Stellar Core, or stellar-core, separates data into "current" and "historical."
Current data is the subject of peer-to-peer messages--consensus is only concerned with the present, not the past. Current data resides in a local SQL database paired with each stellar-core process. This database is consulted and updated "live" in an ACID fashion as stellar-core applies each transaction set for which consensus was reached and forms each new ledger.
Unlike many similar systems, stellar-core does not need to consult history in order to apply a single transaction or set of transactions. Only "current" data--the state of the current ledger and the hash of the previous one--is required to apply transactions. "Historical" data exists for peers to catch up to one another, as well as for record auditing and interoperability with other programs.
Historical data resides in history archives. A stellar-core process should almost always have access to a history archive. While it is possible to run a stellar-core process without any associated history archives, other peers will not be able to catch up with it, and it will not be able to catch up with other peers, so it will likely be a very incomplete configuration. For normal operations, a stellar-core process should always be configured with one or more history archives.

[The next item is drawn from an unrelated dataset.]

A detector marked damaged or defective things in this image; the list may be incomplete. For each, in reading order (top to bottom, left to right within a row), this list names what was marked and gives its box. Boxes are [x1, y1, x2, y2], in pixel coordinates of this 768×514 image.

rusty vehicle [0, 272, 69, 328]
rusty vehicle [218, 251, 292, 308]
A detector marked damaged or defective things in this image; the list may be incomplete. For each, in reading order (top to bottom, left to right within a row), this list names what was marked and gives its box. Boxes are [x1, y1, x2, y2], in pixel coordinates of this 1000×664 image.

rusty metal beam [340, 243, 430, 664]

For history archives to be effective, they should be configured in such a way that each validator writes to one or more archives, which are in turn readable by one or more other peers. A common configuration is for each peer in a group to have a single history archive that it knows how to write to, while also knowing how to read from all archives in the group.
Many different facilities or services can be used as history archives; stellar-core only needs to be supplied with a way to "get" and "put" files to and from the archive. For example, history archives may be FTP or SFTP servers, filesystem directories shared between stellar-core processes, AWS S3, Google Cloud Storage, Azure Blob storage or similar commodity object storage services.

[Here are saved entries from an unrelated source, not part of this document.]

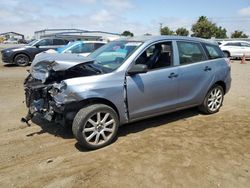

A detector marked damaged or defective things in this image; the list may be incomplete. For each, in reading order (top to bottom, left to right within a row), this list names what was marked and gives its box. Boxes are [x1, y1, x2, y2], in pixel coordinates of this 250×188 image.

crumpled hood [30, 51, 94, 82]
damaged front end [22, 53, 102, 125]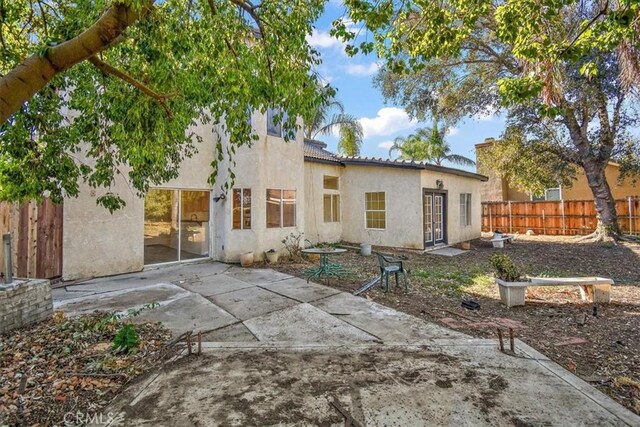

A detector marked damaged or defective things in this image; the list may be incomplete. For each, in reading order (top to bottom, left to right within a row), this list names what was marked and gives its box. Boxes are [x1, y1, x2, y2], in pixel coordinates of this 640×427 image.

cracked concrete [52, 260, 636, 427]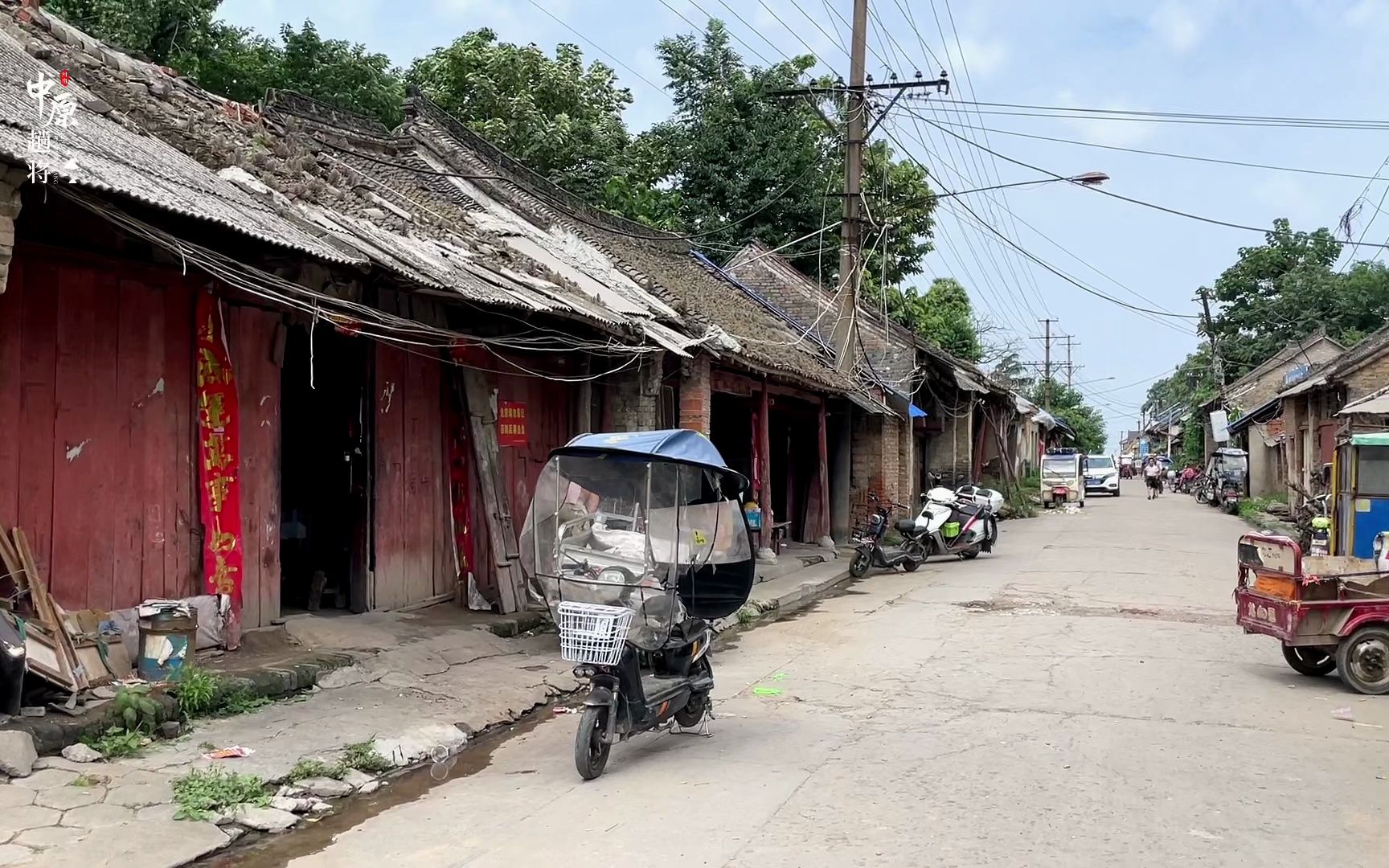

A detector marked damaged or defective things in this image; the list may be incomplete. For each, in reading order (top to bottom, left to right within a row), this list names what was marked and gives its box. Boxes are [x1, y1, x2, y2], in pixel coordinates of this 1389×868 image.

broken concrete slab [0, 733, 36, 777]
broken concrete slab [59, 739, 100, 760]
broken concrete slab [297, 777, 350, 794]
broken concrete slab [229, 800, 300, 827]
broken concrete slab [27, 817, 226, 866]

History archives are defined in a very lightweight fashion, in stellar-core's configuration file, by
providing a pair of
put command templates. stellar-core will run the provided command
template, with its own file names substituted for placeholders in the template, in order to get files
from, and put files into, a given history archive. This interface is meant to support simple
ftp or similar. Several
examples are provided in the example configuration files.
Serialization to XDR and gzip
stellar-core leans heavily on the XDR data format. This is an old, stable, standardized serialization format, defined in RFC 4506 and used for several standard unix and internet protocols and formats.
XDR is used for 3 related but different tasks, the first 2 of which are discussed elsewhere:
- Exchanging peer-to-peer network protocol messages and achieving consensus.
- Cryptographically hashing ledger entries, buckets, transactions, and similar values.
- Storing and retrieving history (discussed in this document).
When storing XDR files to history archives, stellar-core first applies gzip (RFC 1952) compression
to the files. The resulting
.xdr.gz files can be concatenated, accessed in streaming fashion, or
.xdr files and dumped as plain text by stellar-core.
During normal operation, a validating stellar-core server will save a "checkpoint" of its recent operations to XDR files, compress them, and publish them to all of its configured writable history archives once every 64 ledgers (about once every 5 minutes).
History checkpoints include the set of buckets that have changed since the last checkpoint (see description of buckets) as well as the ledger headers, transaction sets, results of transactions, and a small amount of indexing metadata stored in JSON files. This permits a variety of fine-grained auditing, transaction replay, or direct catchup.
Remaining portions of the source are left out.